» **Problem details**
Please print, exactly, only the lines in the entries below from the line that has "28 Lexington Avenue, Freeport, NY" through the line that has "Brampton House |". Pictures don't go in.

» **Records shown**

***

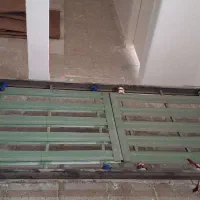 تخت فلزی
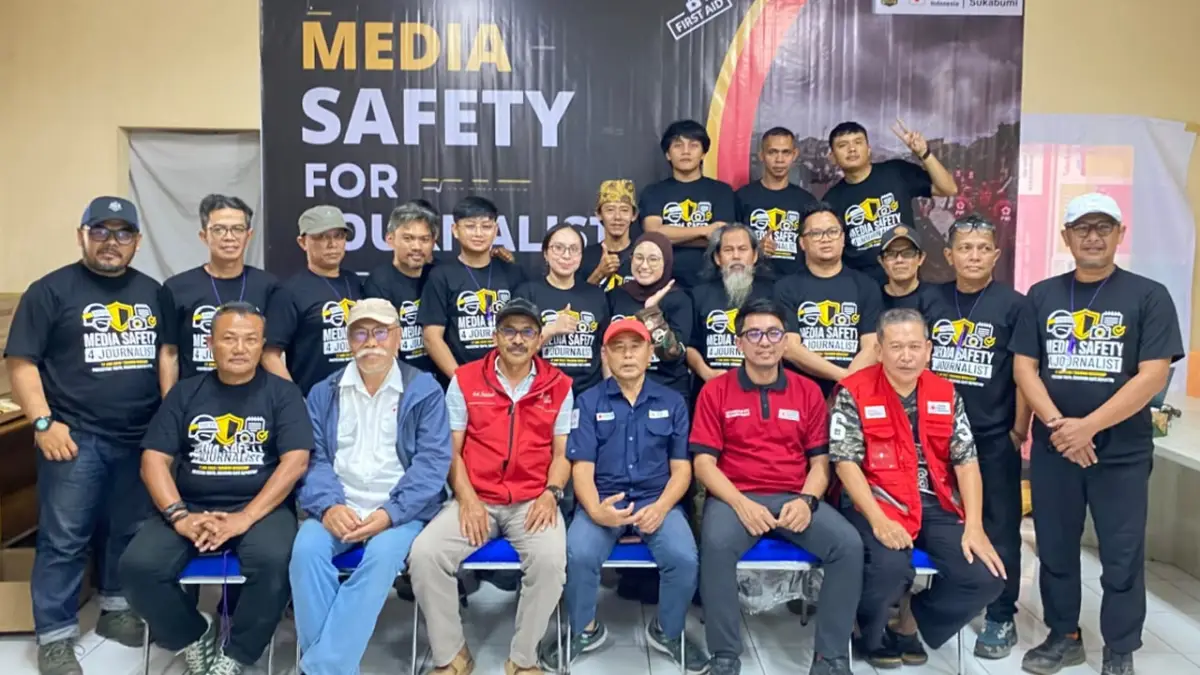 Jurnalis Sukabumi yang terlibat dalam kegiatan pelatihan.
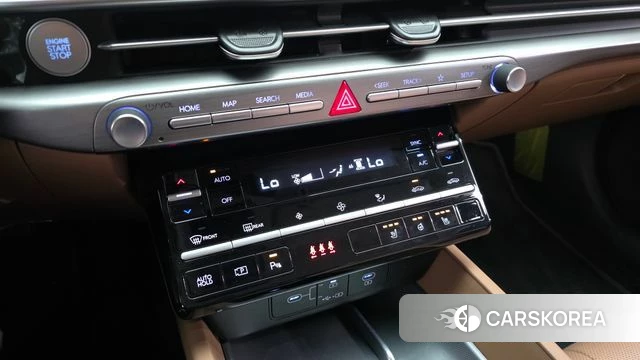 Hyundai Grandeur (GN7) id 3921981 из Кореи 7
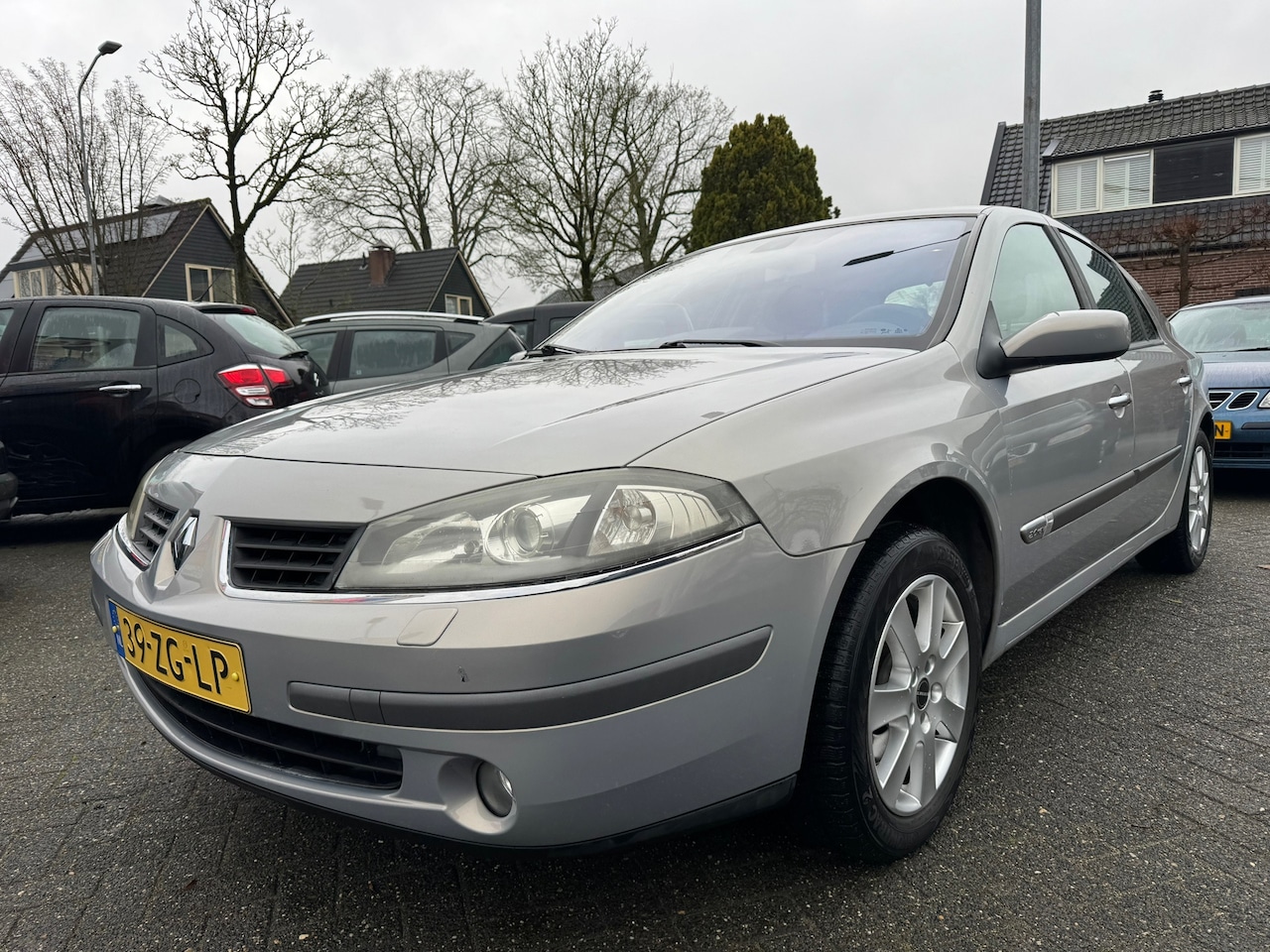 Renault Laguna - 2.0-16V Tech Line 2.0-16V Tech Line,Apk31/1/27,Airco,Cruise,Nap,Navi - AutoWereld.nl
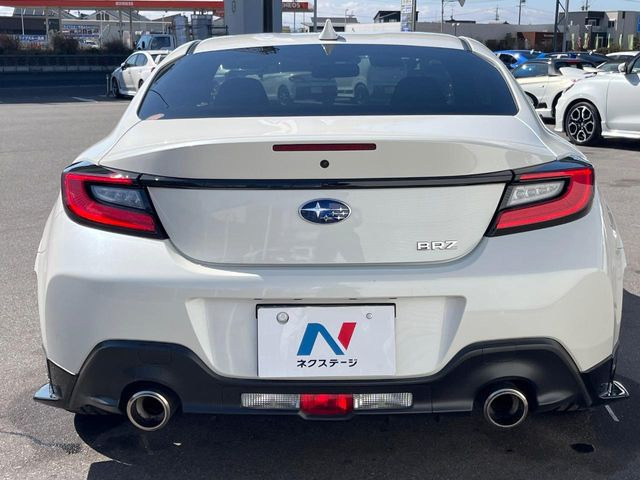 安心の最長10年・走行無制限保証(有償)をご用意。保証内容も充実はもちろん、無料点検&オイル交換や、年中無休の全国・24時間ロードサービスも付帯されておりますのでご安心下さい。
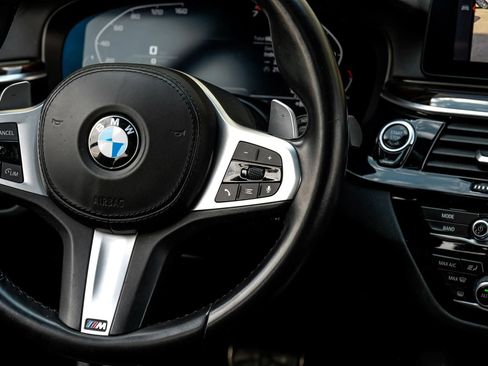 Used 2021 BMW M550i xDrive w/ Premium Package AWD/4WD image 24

***

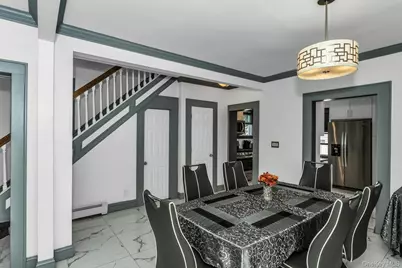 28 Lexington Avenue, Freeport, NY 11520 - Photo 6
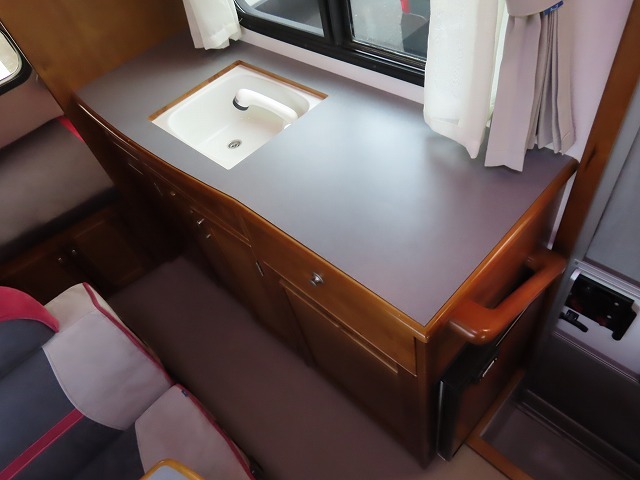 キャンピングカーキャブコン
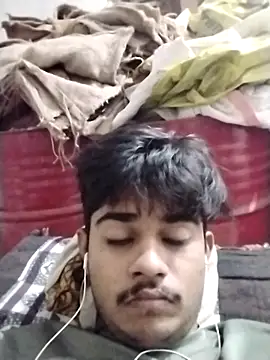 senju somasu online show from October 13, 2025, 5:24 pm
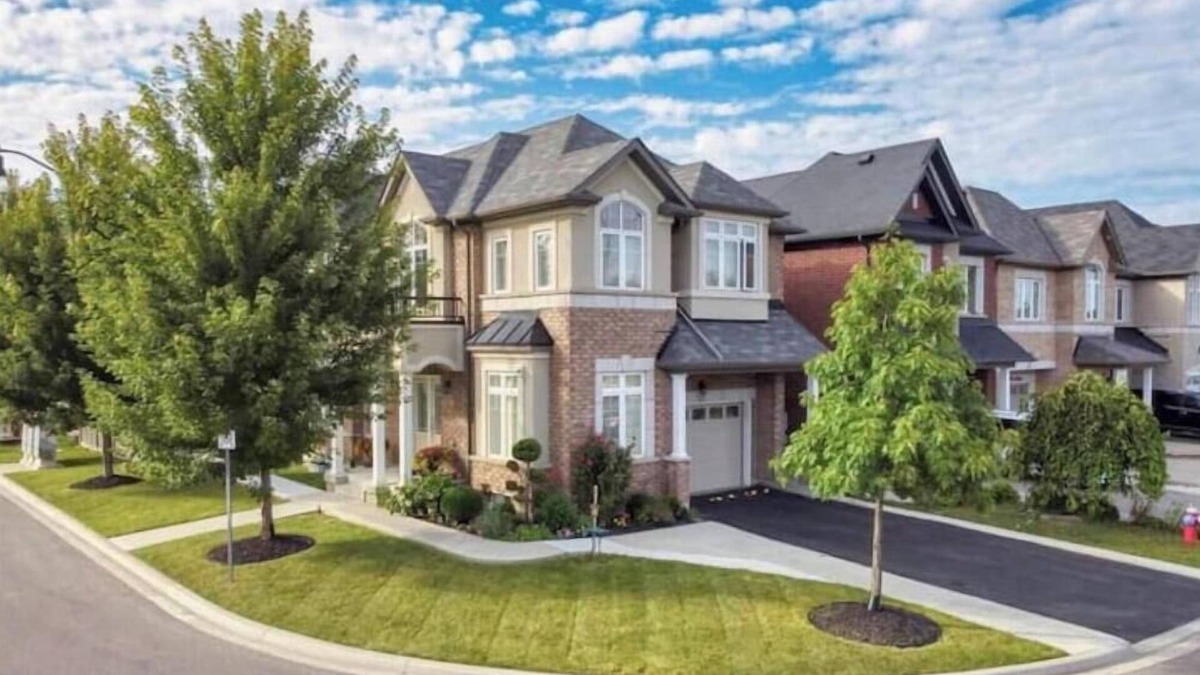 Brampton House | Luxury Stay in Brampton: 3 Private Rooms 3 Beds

***

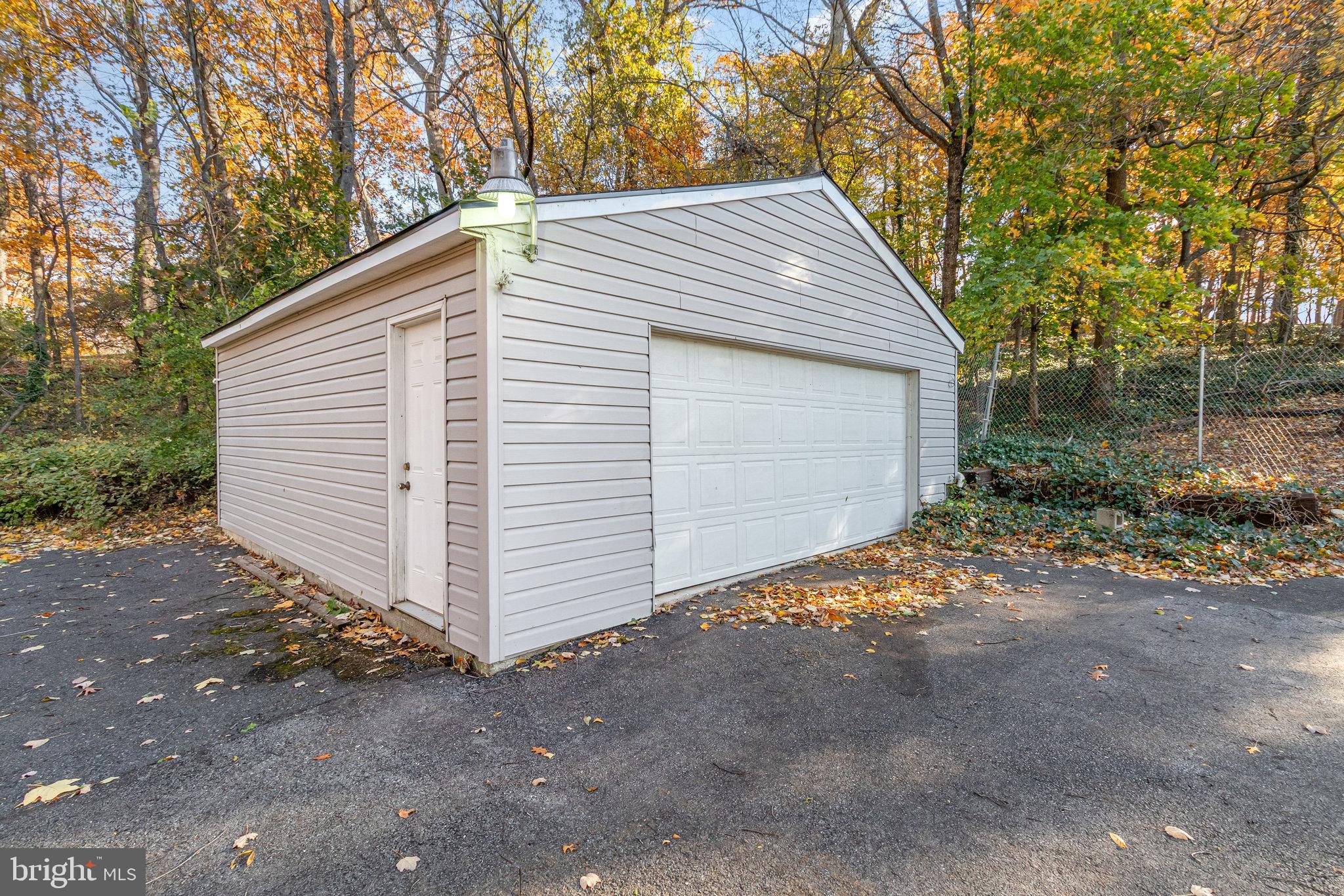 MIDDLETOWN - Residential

***

» **Output**
 28 Lexington Avenue, Freeport, NY 11520 - Photo 6
 キャンピングカーキャブコン
 senju somasu online show from October 13, 2025, 5:24 pm
 Brampton House | Luxury Stay in Brampton: 3 Private Rooms 3 Beds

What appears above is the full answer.